Не только полковник, но и мои друзья смотрели на меня ошеломлённо. Я о своих похождениях отчитывался одному лишь Профессору, и-то чрезвычайно скудно. Подобные подробности обычно я опускал, оставляя их для себя. Не хвастаться же этим.

— Я не понял! — сказал Юрий Маркелович. — С десятиметровой высоты? И целым упал на землю? Или приземлился на ноги?

В словах Юрия Маркеловича мне послышалось уже явное сомнение.

— Можно сказать, что повезло. — по-прежнему пришлось оправдываться мне, — За ветку дерева зацепился и свалился спиной в пышный куст… Только рукав у куртки оторвался.

Внезапно Олег, которому это всё надоело, толкнул меня плечом. Я посмотрел на него, и он лицом показал: «Давай». В смысле, пришло время перевести мяч на сторону противника. Пора пытаться уравнивать шансы.

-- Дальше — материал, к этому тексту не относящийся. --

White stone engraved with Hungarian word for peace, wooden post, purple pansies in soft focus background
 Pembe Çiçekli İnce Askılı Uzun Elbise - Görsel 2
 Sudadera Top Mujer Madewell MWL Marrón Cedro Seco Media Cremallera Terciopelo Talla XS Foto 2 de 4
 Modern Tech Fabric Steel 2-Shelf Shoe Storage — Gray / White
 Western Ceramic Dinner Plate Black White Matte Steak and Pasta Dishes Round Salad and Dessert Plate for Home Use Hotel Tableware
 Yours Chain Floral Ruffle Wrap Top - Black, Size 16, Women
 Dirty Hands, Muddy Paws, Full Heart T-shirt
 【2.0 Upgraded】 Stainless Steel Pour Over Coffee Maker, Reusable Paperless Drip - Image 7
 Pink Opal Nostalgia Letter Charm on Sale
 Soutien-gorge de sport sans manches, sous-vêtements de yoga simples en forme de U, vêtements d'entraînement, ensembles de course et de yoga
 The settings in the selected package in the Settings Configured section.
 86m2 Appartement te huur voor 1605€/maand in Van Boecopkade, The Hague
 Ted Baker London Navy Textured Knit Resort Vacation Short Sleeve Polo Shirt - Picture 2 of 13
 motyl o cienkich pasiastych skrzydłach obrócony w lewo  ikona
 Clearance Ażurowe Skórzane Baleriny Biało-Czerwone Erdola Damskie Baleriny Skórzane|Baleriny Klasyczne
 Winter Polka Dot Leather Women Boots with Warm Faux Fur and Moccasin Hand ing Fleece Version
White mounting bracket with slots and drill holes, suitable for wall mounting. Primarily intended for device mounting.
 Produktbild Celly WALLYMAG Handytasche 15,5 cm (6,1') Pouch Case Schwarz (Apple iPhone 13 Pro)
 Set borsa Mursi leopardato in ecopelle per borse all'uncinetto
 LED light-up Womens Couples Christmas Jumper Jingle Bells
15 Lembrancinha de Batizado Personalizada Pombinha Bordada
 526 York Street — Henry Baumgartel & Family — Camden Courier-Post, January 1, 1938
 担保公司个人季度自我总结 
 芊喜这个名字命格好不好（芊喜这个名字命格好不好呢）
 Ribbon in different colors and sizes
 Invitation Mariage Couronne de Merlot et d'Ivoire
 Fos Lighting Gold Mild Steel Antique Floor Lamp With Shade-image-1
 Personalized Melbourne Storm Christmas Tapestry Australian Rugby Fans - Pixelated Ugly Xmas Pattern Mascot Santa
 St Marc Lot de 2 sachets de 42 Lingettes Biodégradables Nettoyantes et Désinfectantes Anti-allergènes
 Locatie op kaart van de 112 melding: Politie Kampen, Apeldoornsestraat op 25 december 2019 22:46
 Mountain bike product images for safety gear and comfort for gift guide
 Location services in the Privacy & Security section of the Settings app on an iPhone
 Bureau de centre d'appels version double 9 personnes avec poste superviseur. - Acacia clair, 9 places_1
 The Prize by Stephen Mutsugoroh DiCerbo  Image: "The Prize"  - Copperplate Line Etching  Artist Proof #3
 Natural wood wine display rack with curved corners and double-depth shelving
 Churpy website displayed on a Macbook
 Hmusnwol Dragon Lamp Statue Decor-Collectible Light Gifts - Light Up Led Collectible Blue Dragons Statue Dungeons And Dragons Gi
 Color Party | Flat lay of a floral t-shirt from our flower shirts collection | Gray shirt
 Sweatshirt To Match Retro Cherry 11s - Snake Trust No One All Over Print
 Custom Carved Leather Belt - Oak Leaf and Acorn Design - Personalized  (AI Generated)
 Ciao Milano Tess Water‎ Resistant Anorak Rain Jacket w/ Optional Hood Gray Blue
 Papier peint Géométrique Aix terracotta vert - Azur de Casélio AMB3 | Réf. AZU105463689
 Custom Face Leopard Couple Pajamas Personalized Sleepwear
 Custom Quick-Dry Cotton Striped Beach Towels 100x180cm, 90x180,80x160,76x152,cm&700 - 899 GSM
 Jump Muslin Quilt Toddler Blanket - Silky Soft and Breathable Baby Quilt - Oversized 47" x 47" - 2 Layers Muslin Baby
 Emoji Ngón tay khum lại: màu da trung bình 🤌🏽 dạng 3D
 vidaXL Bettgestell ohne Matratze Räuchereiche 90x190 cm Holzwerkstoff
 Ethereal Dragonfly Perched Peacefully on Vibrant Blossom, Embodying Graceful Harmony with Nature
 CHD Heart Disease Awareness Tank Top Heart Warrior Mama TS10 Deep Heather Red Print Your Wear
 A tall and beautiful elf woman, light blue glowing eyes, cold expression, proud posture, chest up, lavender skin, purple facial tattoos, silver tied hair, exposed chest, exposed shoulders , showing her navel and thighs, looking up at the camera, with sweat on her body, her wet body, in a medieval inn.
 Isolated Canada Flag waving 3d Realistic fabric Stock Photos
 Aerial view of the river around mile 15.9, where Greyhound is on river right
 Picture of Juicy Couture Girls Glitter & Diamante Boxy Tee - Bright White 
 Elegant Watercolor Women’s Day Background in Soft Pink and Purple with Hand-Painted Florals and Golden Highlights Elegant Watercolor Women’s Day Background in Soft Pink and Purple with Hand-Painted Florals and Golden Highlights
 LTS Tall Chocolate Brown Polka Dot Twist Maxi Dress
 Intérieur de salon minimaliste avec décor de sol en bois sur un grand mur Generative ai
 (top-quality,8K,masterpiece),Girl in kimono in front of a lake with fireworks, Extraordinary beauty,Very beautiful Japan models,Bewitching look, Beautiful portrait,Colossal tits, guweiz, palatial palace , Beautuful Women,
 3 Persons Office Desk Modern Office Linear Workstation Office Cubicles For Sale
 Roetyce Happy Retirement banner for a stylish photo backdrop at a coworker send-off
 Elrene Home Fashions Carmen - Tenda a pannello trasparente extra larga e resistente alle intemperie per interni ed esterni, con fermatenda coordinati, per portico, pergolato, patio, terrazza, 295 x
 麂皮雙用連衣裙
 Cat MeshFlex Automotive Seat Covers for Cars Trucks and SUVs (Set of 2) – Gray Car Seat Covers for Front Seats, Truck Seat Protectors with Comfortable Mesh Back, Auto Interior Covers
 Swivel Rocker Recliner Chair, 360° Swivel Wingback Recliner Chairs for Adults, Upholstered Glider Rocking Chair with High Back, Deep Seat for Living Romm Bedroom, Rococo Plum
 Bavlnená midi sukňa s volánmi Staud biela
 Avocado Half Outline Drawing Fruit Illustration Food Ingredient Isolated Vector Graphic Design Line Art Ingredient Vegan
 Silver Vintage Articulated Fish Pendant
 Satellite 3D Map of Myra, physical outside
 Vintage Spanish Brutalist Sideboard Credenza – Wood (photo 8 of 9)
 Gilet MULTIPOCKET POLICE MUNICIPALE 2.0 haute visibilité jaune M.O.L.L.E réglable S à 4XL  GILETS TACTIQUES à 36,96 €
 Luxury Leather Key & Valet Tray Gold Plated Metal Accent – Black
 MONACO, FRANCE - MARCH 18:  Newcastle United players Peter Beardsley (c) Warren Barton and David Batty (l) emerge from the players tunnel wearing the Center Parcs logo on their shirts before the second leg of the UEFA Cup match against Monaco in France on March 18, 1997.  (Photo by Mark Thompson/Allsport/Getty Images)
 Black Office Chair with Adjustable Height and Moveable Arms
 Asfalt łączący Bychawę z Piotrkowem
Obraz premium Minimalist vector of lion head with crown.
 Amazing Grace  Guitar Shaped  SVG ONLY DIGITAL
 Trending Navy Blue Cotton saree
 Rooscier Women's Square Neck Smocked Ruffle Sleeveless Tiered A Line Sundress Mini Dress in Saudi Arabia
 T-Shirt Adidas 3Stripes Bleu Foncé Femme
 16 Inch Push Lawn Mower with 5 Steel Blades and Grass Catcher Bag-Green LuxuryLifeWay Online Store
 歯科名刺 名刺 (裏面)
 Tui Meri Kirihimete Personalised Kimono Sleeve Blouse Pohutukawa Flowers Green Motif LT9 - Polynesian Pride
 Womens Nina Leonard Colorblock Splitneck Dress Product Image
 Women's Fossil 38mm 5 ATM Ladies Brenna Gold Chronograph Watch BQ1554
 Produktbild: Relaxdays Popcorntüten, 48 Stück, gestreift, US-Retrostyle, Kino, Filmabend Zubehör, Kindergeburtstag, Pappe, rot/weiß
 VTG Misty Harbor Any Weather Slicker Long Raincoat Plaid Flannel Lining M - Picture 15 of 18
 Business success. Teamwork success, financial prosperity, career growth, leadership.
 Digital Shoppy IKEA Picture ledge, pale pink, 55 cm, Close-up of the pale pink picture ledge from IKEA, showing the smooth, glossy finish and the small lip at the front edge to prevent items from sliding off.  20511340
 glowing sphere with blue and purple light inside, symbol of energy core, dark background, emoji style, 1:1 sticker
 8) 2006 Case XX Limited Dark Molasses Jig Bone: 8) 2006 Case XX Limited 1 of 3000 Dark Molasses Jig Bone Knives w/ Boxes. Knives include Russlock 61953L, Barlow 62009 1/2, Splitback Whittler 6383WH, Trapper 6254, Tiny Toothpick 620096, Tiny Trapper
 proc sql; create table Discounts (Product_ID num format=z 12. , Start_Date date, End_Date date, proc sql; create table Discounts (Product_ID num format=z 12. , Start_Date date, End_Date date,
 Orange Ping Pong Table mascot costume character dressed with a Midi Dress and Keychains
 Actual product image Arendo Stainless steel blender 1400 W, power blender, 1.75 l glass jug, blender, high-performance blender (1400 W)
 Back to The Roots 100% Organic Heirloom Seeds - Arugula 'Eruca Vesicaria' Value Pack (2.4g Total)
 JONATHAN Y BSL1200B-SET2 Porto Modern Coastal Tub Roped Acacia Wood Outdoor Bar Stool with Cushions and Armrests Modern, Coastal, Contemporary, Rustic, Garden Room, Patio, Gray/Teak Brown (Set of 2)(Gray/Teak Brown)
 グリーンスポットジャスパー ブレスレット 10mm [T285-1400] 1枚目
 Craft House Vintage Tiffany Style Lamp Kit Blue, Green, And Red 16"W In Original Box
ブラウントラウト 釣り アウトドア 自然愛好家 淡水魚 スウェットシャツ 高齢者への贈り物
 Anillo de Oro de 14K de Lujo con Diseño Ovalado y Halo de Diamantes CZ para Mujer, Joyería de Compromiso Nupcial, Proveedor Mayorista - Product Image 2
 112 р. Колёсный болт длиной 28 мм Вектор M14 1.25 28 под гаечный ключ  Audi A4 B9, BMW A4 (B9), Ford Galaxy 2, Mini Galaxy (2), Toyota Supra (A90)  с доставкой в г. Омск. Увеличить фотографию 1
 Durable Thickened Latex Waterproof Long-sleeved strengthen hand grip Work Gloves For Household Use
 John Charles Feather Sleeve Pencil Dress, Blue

— Юрий Маркелович, вы, конечно, уже решили, и вам видней, не говорить, о том, что необходимо. Но, тем не менее мы уже рассказали вам и без того много лишнего. Давайте поговорим за дело! Есть вещи, которые откладывать уже нельзя. Вернёмся к причине нашей встречи. Что вас, как организацию, интересует?

Выпад был точным. Признаки улыбки мгновенно исчезли с лица Богданова.

— Что интересует нас? — задумчиво повторил он. — Конечно, исследовать прибор. Определить его опасности, возможности и прочие важные вещи… Как и откуда к нам попал прибор я уже представляю… Точнее, не могу даже представить. И ещё, но это уже вторично, исследовать конструкцию и попытаться создать копию… Если это возможно.